Master project - The role of astroglial chloride homeostasis in brain function

Chloride (Cl-) is the major anion in the central nervous system, and it plays a crucial role in inhibition. Inhibitory neurons are expressing ligand gated Cl--channel (GABAA receptors) which bind inhibitory neurotransmitter (GABA) and mediate Cl- currents. Since the intracellular Cl- concentration ([Cl-]i) in neurons is low, the Cl- gradient across the membrane facilitates Cl- influx, hyperpolarization and triggers IPSPs (inhibitory postsynaptic potentials). The synaptic cleft is very narrow, and changes in extracellular Cl- will affect the efficacy of neuronal inhibition. Astrocytes which also express GABAA receptors are surrounding synapses and are supposed to have high [Cl-]i. Opening of Cl- channels will lead to Cl- efflux into the synaptic cleft and thus fuel neuronal inhibition. In that sense, astroglial [Cl-]i plays a crucial role in maintaining neuronal inhibition, and it becomes crucial for normal brain function. However, the actual [Cl-]i in astrocytes and the transporters and channels which maintain astroglial chloride homeostasis in vivo are still unknown. In order to investigate the role of astrocytes in inhibition, we perform Cl- imaging in the mouse cortex in vivo in awake behaving mice. The Cl- sensitive dye MQAE can be employed using fluorescence intensity imaging as well as using Fluorescence Lifetime Imaging Microscopy (FLIM). FLIM is an advanced fluorescence imaging technique that allows for absolute [Cl-]i measurements in vivo.

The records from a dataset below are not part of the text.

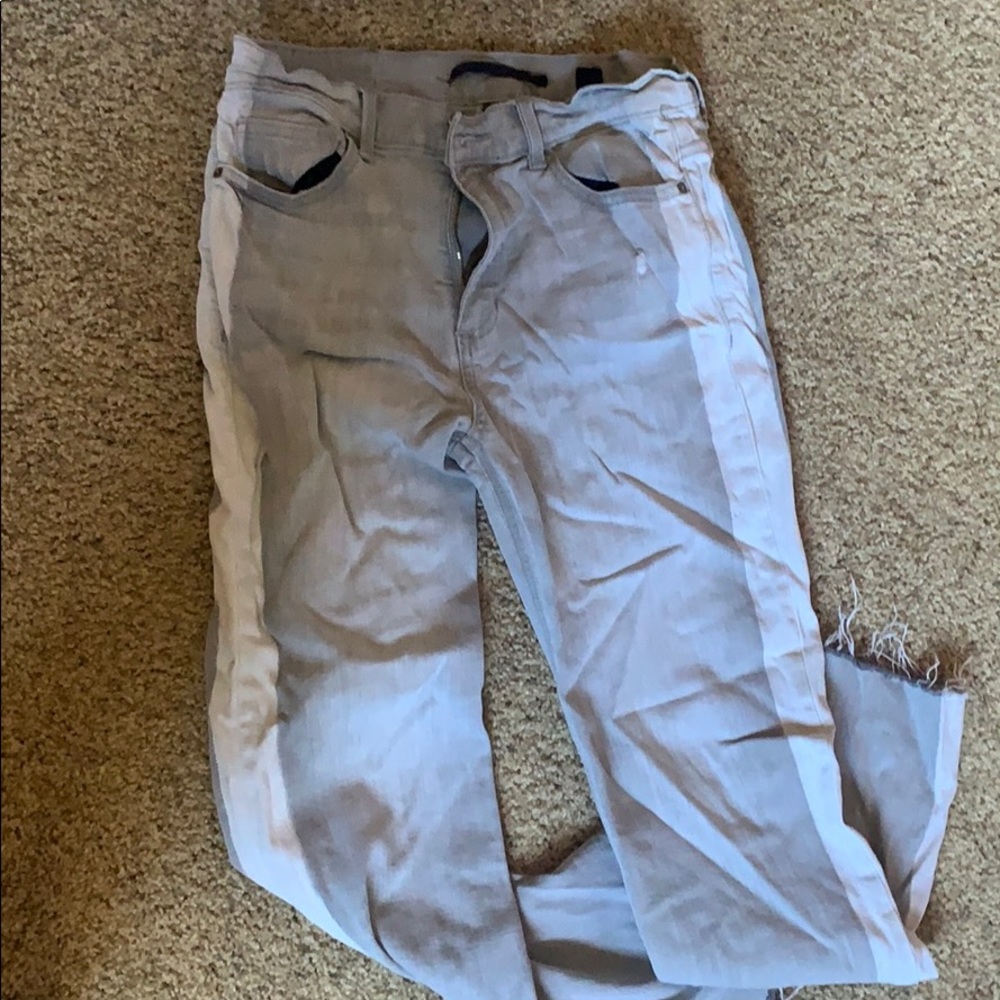 Cropped gray jeans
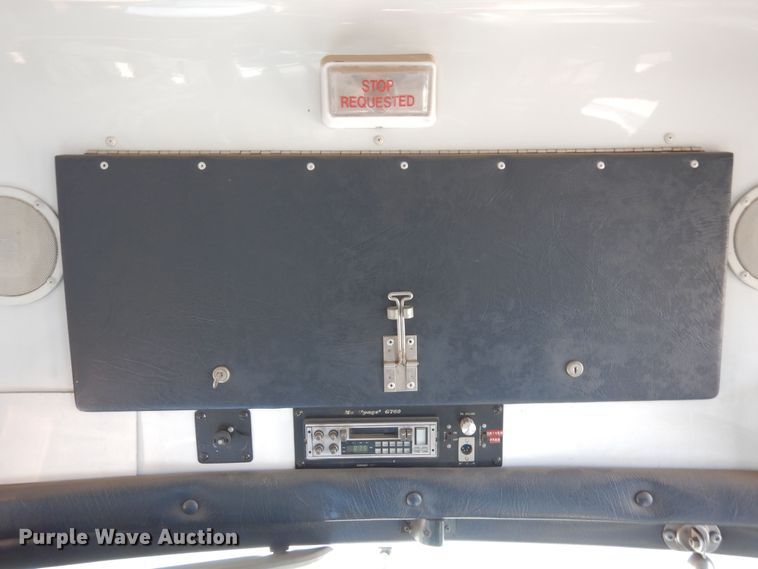 image for item DF8238 1994 Ford E350  shuttle bus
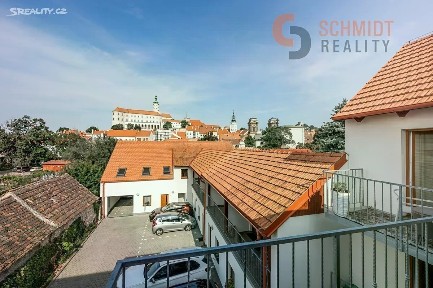 Prodej bytu 1+kk 16 m² Koněvova, Mikulov
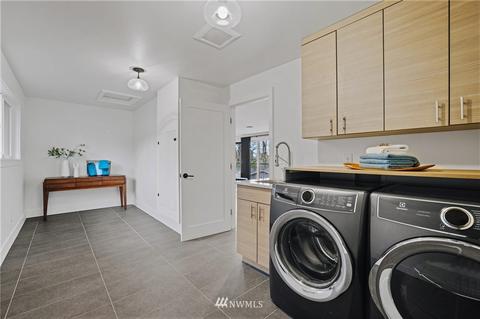 8120 Talbot Rd, Edmonds, WA 98026 photo 35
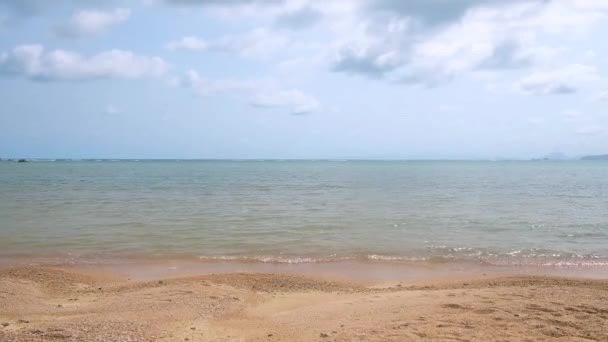 Ko Samui beach sea Thailand Ландшафти з пляжного морського піску і неба в літній день. Пляжний морський простір. В Таїланді. 9 березня 2020 — стокове відео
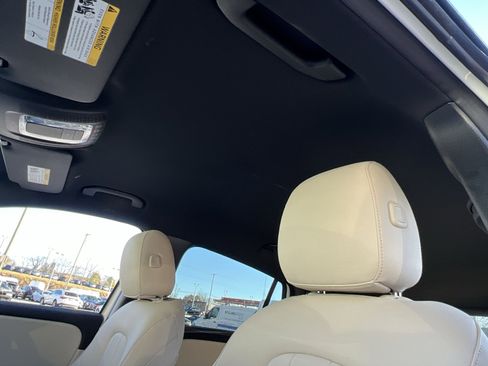 Certified 2025 Mercedes-Benz GLA 250 4MATIC image 22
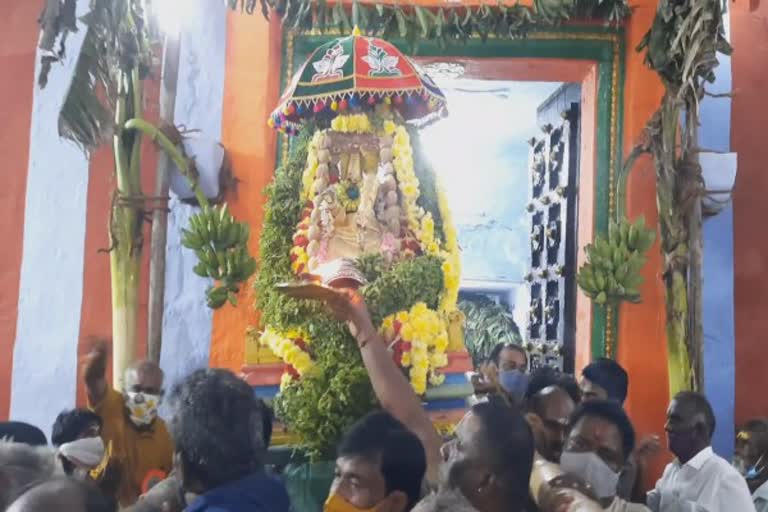 வைகுண்ட ஏகாதசி - ஸ்ரீவில்லிபுத்தூர் ஸ்ரீஆண்டாள் கோவிலில் பரமபத வாசல் திறப்பு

Astroglia and Neurons of cortex loaded MQAE (Cl- dye) in vivo. The Astroglial marker SR-101 labels Astroglia.

Astroglia and Neurons of cortex loaded MQAE (Cl- dye) in vivo. The Astroglial marker SR-101 labels Astroglia.

We are looking for a highly motivated student that is interested in advanced fluorescence imaging, neuroscience and astrocytes in particular. The project includes the methods of in vivo two-photon imaging with the read out of fluorescence intensity as well as fluorescence lifetimes.

The project will be performed in the Nedergaard lab at the University of Copenhagen. The international research group is highly interactive. In weekly meetings with the CTN in Rochester, data, results and ideas are discussed. The lab language is English, and international as well as Danish students are welcome.

The project is under supervision of Dr.rer.nat. Verena Untiet. Verena studied Biology in Munich and Aachen, Germany. She obtained her PhD at the University of Düsseldorf, while working at the research center Jülich (Helmholtz Gesellschaft) where she also did her first postdoc. Since January 2018, Verena is working as a postdoc in Maiken Nedergaard’s lab.